The distribution of VUS records of clinical significance (Figure 4e) from ClinVar-BERT embeddings reveals that the language patterns in VUS summaries systematically differ according to their proximity to P/LP versus B/LB clusters. VUS summaries clustering near P/LP regions tend to include some evidence of pathogenicity, as illustrated by this example: “The G57R variant has not been published as pathogenic or been reported as benign to our knowledge. The G57R variant is not observed in large population cohorts (Lek et al., 2016; 1000 Genomes Consortium et al., 2015; Exome Variant Server)…This substitution occurs at a position that is conserved across species, and in silico analysis predicts this variant is probably damaging to the protein structure/function.” This example contains population evidence (PM2) and computational evidence (PP3) of pathogenicity. Whereas VUS summaries that cluster closer to B/LB regions typically contain language suggesting an absence of pathogenic evidence or evidence of benignity, as seen in this example:“In summary, the available evidence is currently insufficient to determine the role of this variant in disease… The threonine amino acid residue is found in multiple mammalian species, which suggests that this missense change does not adversely affect protein function…”.
These UMAP visualizations suggest that fine-tuning with ClinVar data has helped to adapt the embedding space to better capture text related to pathogenicity and the underlying strength of evidence. This information appears to be reflected in submitter-specific documentation patterns. The model’s ability to capture the semantic features of clinical evidence can provide valuable insights for prioritizing variant re-classification.
3. Discussion
In this study, we evaluated the potential of training language models to learn generalizable clinical evidence from unstructured variant summary text records in ClinVar. We fine-tuned both general-purpose and domain-specific models using labeled clinical summary text records to discern evidence of variant pathogenicity or benignity. We mitigated model bias and overfitting using a quality control pipeline that identified problematic records and a sentence classifier that filtered sentences that were unlikely to contain evidence of pathogenicity or benignity. We also validated our models using orthogonal data from functional screening assays in genes which were entirely held aside from model training. We found that variants classified as pathogenic and benign using ClinVarBERT had significantly different functional assay scores, supporting the hypothesis that this model identified relevant evidence.
We found large improvements in variant classification tasks using models fine-tuned with ClinVar training data over general-domain models. Among the models we evaluated, classification performance is also consistently better when fine-tuning models trained on broad biomedical text corpora, such as BioBERT-base, rather than using general-domain models. Given that BioBERT-base was trained on a large set of PubMed abstracts and PubMedCentral full-text articles, it appears to be a solid foundation for learning additional generalizable biomedical and clinical evidence within ClinVar text summaries.

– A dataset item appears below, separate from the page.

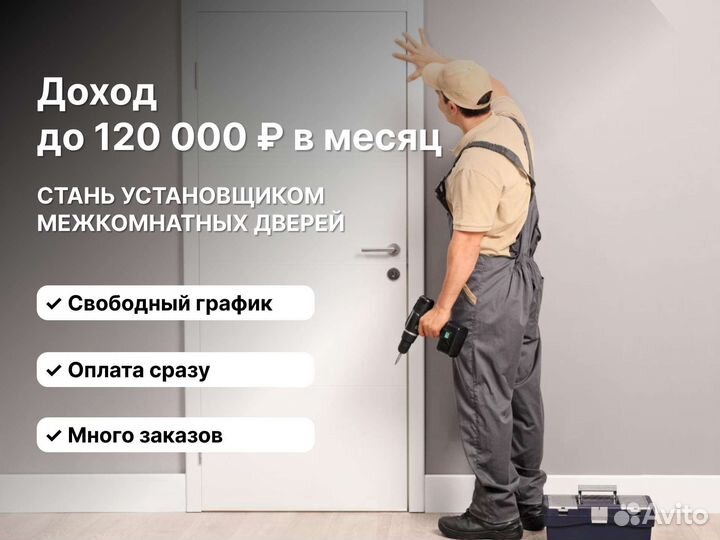 Мастер по установке межкомнатных дверей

Training and classification metrics also demonstrate that our sentence classification approach (filtering sentences from text summaries that were unlikely to contain clinical evidence) performed well across validation datasets. This approach reduces overfitting, likely by removing conclusion sentences that contained proxy class labels, as well as by removing sentences with high structural similarity which were common in description sentences.
Our findings underscore the utility of language models in processing and interpreting intricate clinical narratives, offering potential applications in variant prioritization. Our model ClinVar-BERT has the potential to identify variants whose text summaries contain meaningful clinical evidence, but which were not yet sufficient for a pathogenic or benign classification. Future research may include integrating information across a set of clinical summaries about the same variant from different diagnostic labs. By analyzing information developed by different labs, such an approach could prioritize variants that collectively had sufficient evidence to be reclassified, but where the evidence provided by any single lab was insufficient for classification. This information could be used to inform ClinGen Variant Curation Expert Panels (VCEPs) about which variants are most likely to change classifications from expert review. Future work could also extract specific forms of evidence which were present within a clinical summary text, and use that to identify evidence gaps.
3.1. Limitations of this work
This study has several limitations. First, some variants have multiple text summaries from different clinical labs, which may need to be harmonized. Because evidence of pathogenicity is often developed over time, more information is likely to be contained in the latest submission summary, but it is not guaranteed to contain all available evidence. In contrast, while a very large number of variants have submission text summaries, many do not.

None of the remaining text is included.